1. TÍTULO
Salmos es el libro de himnos y oraciones del pueblo de Israel. La mayoría de los Salmos fue escrita y musicalizada para su uso en el templo, en las reuniones de adoración. En hebreo, su título es «Libro de alabanzas». La palabra «salmo» es de origen griego y quiere decir himno o canción. A la colección completa de los salmos se la conoce con el nombre de «Salterio».
2. FORMACIÓN DE SALTERIO
Los Salmos fueron escritos por diferentes autores, durante un período de aproximadamente setecientos años (del 1000 al 333 a.C.). Después de un largo proceso de composición, uso y selección, el resultado fue una colección final de 150 Salmos, aceptada por el pueblo de Israel. Con esta colección se abre la tercera parte de la Biblia Hebrea (Lc. 24:44).
Así como la Ley (Pentateuco) tiene cinco libros, así también, el Salterio está organizado en cinco libros: 1-41, 42-72, 73-89, 90-106, 107-150. Cada una de esta colecciones termina con una doxología, es decir con una expresión de alabanza a Dios: 41:13 ; 72:18-19 ; 89:52 ; 106:48 ; 150:1-6. El salmo 150 funge como doxología final para todo el Salterio.

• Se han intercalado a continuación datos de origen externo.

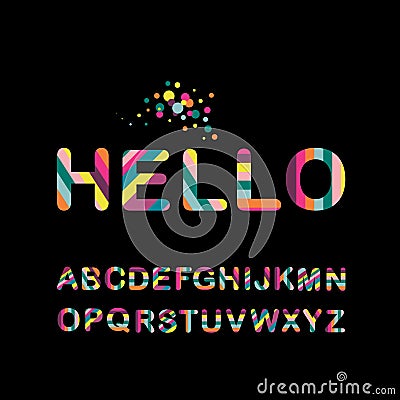 Alphabet letters font. Striped color bold style Vector Illustration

Dentro de esas cinco colecciones hay algunas colecciones menores, como los «Salmos de Asaf» (73-83), los «Salmos del grupo de Coré» (42; 44-49), las «Canciones de Peregrinos», y los «Salmos de Aleluya» (146-150), los cuales comienza y terminan con la palabra «Aleluya», que quiere decir «Alabemos al Señor» (104-106; 111-117; excepto 114; 135; 146-150).

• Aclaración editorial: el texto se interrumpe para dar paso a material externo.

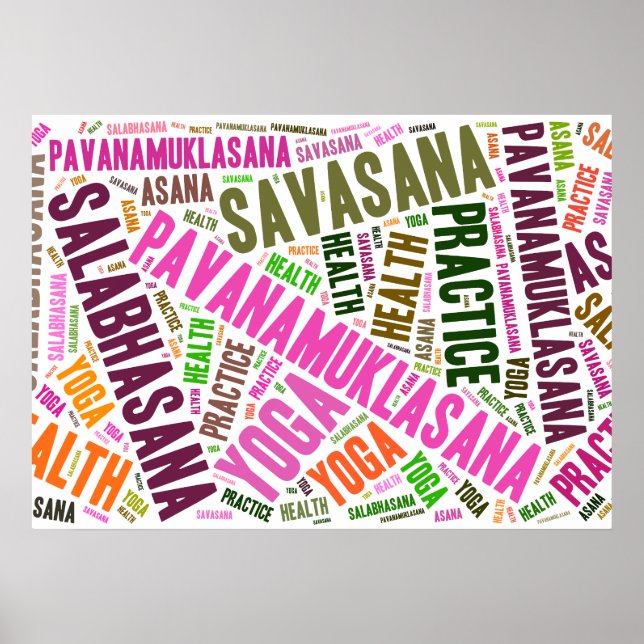 Yoga-Wort-Design Poster (Vorne)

Algunos salmos se repiten: el salmo 14 es igual al 53. El salmo 70 se repite en el 40:13-17. Y el 108 está compuesto por 57:5-11 y 60:5-12. El salmo 18 se encuentra también en 2 Samuel 22:1-51; el salmo 96, en 1 Crónicas 16:23-44; y el salmo 105:1-15, en 1 Crónicas 16:8-22.
3. TIPOS DE SALMOS
De acuerdo con su propósito y con su contenido, los salmos pueden ser clasificados de la siguiente manera:
- Súplicas: En estos salmos, también llamados «lamentos», el autor reclama el estar pasando por una situación desagradable, que puede ser enfermedad, persecución, o calumnia, e implora a Dios que lo ayude. Estos salmos terminan generalmente con una expresión de gratitud en la que el salmista promete alabar a Dios u ofrecerle sacrificios. En el salmo 13 leemos la súplica de una persona; en el 79, la de una comunidad.

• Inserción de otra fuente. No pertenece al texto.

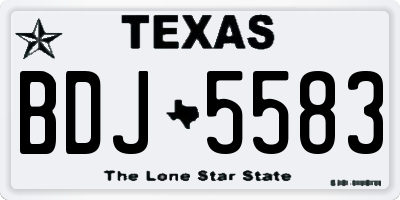 TX license plate BDJ5583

- Himnos: Los himnos son canciones que hablan acerca de la persona en su relación con Dios. Hay carios tipos de himnos:
- En el «himno de alabanza», el salmista (Sal 8) o la comunidad (Sal 111) alaban a Dios. Este tipo de himno comienza generalmente con una invitación a la adoración, seguida de las razones por las cuales Dios merece ser alabado, y a veces termina con la misma expresión de alabanza o con otra.
- «Himno de acción de gracias» es aquel en el que una persona (Sal 34 o el pueblo (Sal 67) agradecen a Dios alguna bendición enviada por él.
- En el «himno de confianza» se habla de la fe en Dios, pues él responde las oraciones, y salva y bendice a una persona (Sal 11; 16; 62) o a una comunidad (Sal 125).
- En los «himnos de Sion» hay un elogio de Jerusalén, el lugar donde Dios mora en medio de su pueblo (Sal 46; 48; 76; 87; 122).
- Salmos para el rey: Estos salmos, también llamados «reales», elogian al rey de Israel como representante de Dios en la tierra. Por medio del rey, Dios ganaba las batallas y derrotaba a los enemigos. El rey era el «hijo de Dios» porque Dios lo había escogido; el rey era el «ungido de Dios» y, por eso, Dios lo investía de poder. En algunos de estos salmos se promete al rey que su reino se extenderá por el mundo entero, y que sus descendientes siempre serán reyes. Son «reales» los siguientes salmos: 2; 18; 20; 21; 45; 72; 89; 101; 110; 132. Los salmos 2; 72 y 110 son considerados mesiánicos, en referencia a un descendiente de David por medio del cual Dios cumpliría, finalmente, las promesas que había hecho a su pueblo.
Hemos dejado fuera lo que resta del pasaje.